Q&A: What Is ClearML Data and How Does It Work?

More often than not, I forget how tricky something can be to new people. When I have been doing something for a while, it’s obvious. To me. An example would be roasting my own coffee. It’s obvious (again, to me) that I have to keep a detailed diary of how much I put into the roaster. What temperature. How long. Sun dried or wet. The list goes on.

Recently I was reminded that this also happens a lot in computing. I mean a LOT. People ask what seem to be a simple question but it turns into a much deeper exposition. We usually have 2 or 3 of these satori (or “profound awakenings”) each day in the slack channel.

Take for example, this question and answer thread about clearml-data. Names have obviously been removed to protect the innocent 😉

The initial question was pretty simple. Someone was exploring ClearML to see if it fit their needs. They liked the look of the UI but didn’t see where the part that handled the data. No place for directly specifying the data sources etc.

This is understandable, only when you consider that a dataset is represented by a task (or experiment in UI terms). It is it’s own Task type, so it is easy to search and browse through them.
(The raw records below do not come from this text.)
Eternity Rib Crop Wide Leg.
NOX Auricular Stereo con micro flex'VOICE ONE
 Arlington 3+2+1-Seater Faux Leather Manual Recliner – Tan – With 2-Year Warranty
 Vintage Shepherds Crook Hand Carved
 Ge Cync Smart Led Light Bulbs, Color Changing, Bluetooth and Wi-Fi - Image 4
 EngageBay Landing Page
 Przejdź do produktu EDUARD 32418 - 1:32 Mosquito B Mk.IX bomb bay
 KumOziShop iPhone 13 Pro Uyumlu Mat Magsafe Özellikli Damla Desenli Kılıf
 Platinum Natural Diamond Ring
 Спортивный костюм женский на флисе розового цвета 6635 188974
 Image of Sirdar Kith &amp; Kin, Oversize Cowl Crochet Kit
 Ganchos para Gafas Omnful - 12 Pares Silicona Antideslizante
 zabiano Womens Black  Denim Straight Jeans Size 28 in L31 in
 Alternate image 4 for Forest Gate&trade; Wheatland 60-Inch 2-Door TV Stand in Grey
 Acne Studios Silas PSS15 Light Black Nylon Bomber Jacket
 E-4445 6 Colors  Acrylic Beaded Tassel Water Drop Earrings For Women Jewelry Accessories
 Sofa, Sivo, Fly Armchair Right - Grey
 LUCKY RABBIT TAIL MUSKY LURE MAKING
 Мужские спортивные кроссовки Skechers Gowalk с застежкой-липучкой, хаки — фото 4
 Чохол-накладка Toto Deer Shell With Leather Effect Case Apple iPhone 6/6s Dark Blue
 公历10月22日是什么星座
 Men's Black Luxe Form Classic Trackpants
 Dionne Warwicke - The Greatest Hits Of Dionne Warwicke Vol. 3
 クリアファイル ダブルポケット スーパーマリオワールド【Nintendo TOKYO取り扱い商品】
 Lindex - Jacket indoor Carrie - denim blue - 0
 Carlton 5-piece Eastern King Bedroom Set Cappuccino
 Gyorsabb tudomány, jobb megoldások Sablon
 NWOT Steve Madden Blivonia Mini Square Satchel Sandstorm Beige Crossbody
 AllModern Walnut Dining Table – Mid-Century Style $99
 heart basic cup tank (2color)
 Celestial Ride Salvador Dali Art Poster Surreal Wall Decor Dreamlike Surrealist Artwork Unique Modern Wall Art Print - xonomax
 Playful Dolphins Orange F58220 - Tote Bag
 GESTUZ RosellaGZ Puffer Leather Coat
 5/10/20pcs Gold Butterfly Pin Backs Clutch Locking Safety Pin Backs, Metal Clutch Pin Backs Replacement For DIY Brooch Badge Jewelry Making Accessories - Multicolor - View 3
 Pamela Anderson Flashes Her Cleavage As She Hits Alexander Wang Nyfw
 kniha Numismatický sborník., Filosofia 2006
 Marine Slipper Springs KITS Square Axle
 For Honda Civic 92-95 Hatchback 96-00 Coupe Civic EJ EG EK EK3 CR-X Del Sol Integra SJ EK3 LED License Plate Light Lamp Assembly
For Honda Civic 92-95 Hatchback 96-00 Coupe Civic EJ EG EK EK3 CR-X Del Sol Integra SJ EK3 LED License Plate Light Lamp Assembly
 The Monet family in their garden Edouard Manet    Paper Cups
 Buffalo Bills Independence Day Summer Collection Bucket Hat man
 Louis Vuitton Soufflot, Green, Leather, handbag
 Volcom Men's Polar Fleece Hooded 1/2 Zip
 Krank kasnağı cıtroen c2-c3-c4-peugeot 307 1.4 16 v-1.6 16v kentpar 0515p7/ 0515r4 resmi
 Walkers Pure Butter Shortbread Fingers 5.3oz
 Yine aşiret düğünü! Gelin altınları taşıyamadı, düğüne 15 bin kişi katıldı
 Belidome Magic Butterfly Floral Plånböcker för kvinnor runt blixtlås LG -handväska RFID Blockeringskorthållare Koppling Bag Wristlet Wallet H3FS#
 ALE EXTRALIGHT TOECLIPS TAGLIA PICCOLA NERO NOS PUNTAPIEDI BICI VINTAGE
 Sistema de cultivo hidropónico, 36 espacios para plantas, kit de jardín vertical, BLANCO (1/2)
With the addition of tags, this also means that you get finer granularity search capabilities.

 
The Real Question is ..

 

However, this then leads onto the “real” question, which was

For example, let's say you have a basic project in which the workflow is:
You read a csv stored in your filesystem.
You transform this csv adding some new features, scaling and things like that.
You train a model (usually doing several experiments with different hyperparameters).
You deploy the model and is ready for making predictions.
How would you structure this workflow in Tasks in ClearML?

The answer given demonstrates  one of the basic flows

1. use clearml-data and create a dataset from the local CSV file clearml-data

clearml-data sync --folder (where the csv file is)

2. Write some python that takes the csv file from the dataset and creates a
new dataset of the preprocessed data

from clearml import Dataset
original_csv_folder = Dataset.get(dataset_id=args.dataset).get_local_copy()

# process csv file -> generate a new csv

preprocessed = Dataset.create(...) preprocessed.add_files(new_created_file)
preprocessed.upload() preprocessed.close()

3. Train the model (i.e. get the dataset prepared in (2)), add output_uri to
upload the model (say to your S3 bucket of clearml-server)
preprocessed_csv_folder =
Dataset.get(dataset_id='preprocessed_dataset_if').get_local_copy()

4. Use the clearml model repository (see the Models Tab in the Project
experiment table) to get / download the trained model